Los devastadores terremotos que sacudieron varias regiones de Venezuela han dejado hasta ahora 164 muertos y 971 heridos, informó la presidenta encargada Delcy Rodríguez, quien además confirmó que se han registrado 30 réplicas desde los dos eventos principales ocurridos la tarde del miércoles.
“Al momento, la cifra que tenemos ya registrada es 164 fallecidos, 971 heridos, con 30 réplicas que se han producido desde los dos eventos principales consecutivos que tuvimos a las seis de la tarde”, declaró en un contacto telefónico con el canal estatal VTV.
Catia la Mar, una de las zonas más afectadas
“Fue terrible. Todo, todo se desplomó”, lamenta Yilsmaris Blanco, de 39 años, mientras observa el desastre en que quedó convertida Catia la Mar, una de las localidades más afectadas en el estado La Guaira, declarado “zona de desastre” por el gobierno.
“Le damos gracias a Dios porque estamos vivos, pero hay personas que están ahorita sufriendo con sus familiares tapiados, con sus familiares pisados que no los pueden sacar”, relata Blanco.
En medio de torres residenciales fracturadas y edificios colapsados, Larry Rojas, de 49 años, describe la impotencia: “No tenemos nada, ahorita no tenemos nada, ni siquiera fuerza, ni valor para meternos ahí”.
Desesperación entre los sobrevivientes
La escena se repite en cada esquina. Paola Sanoja, de 31 años, señala un edificio torcido con los apartamentos al descubierto: “Necesitamos que vengan a ayudarnos. Hay gente viva ahí, hay gente muerta”. A su lado, otra mujer llora desconsolada mientras decenas de vecinos se arremolinan en torno a las ruinas.

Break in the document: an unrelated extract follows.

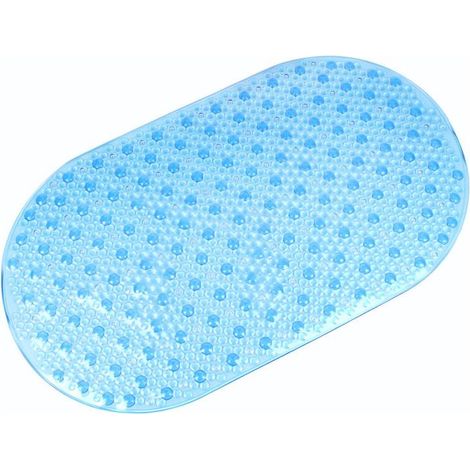 Tapis de bain ovale bleu - Tapis de douche antidérapant avec ventouses en caoutchouc résistant - Convient aux personnes âgées, aux enfants et aux salles de bain, 69 x 39 cm (1/5)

“Mi casa se cayó completa, perdí familia, se murió mi suegra, tengo a mi hija desaparecida”, confiesa Jean Alexander Capote, de 48 años, uno de los tantos residentes que pasaron la noche en las calles, sin electricidad ni agua.
Rescates y necesidades urgentes
En Playa Grande, Dani Rizo suplica ayuda para rescatar a una niña atrapada bajo los escombros: “Está atrapada desde anoche, si vienen con ayuda la podemos sacar, necesitamos una retroexcavadora”.
Rescatistas y ciudadanos trabajan como pueden entre los restos, mientras las autoridades vigilan los intentos desesperados de los vecinos por encontrar a sus allegados. “Lo que hace falta es ayuda, más que todo con los equipos técnicos, los equipos que están en Caracas, que saben qué herramientas usar”, reclama José Pacheco, jefe del Grupo de Rescate Unido de Venezuela. “Nunca había visto algo parecido”, añade.
“Me empecé a mover, busqué refugio bajo una columna. Temblaba más duro, temblaba más duro”, recuerda Antonio Bermúdez, de 45 años, mientras intenta acomodar una pierna inmovilizada tras quedar atrapado bajo una placa.
En la noche oscura, linternas improvisadas y sirenas de emergencia iluminaban brevemente las calles, mientras los sobrevivientes buscaban refugio. “No tenemos tampoco ni agua, estamos muertos de sed”, insiste Rojas, temeroso de que las estructuras aún en pie terminen por desplomarse.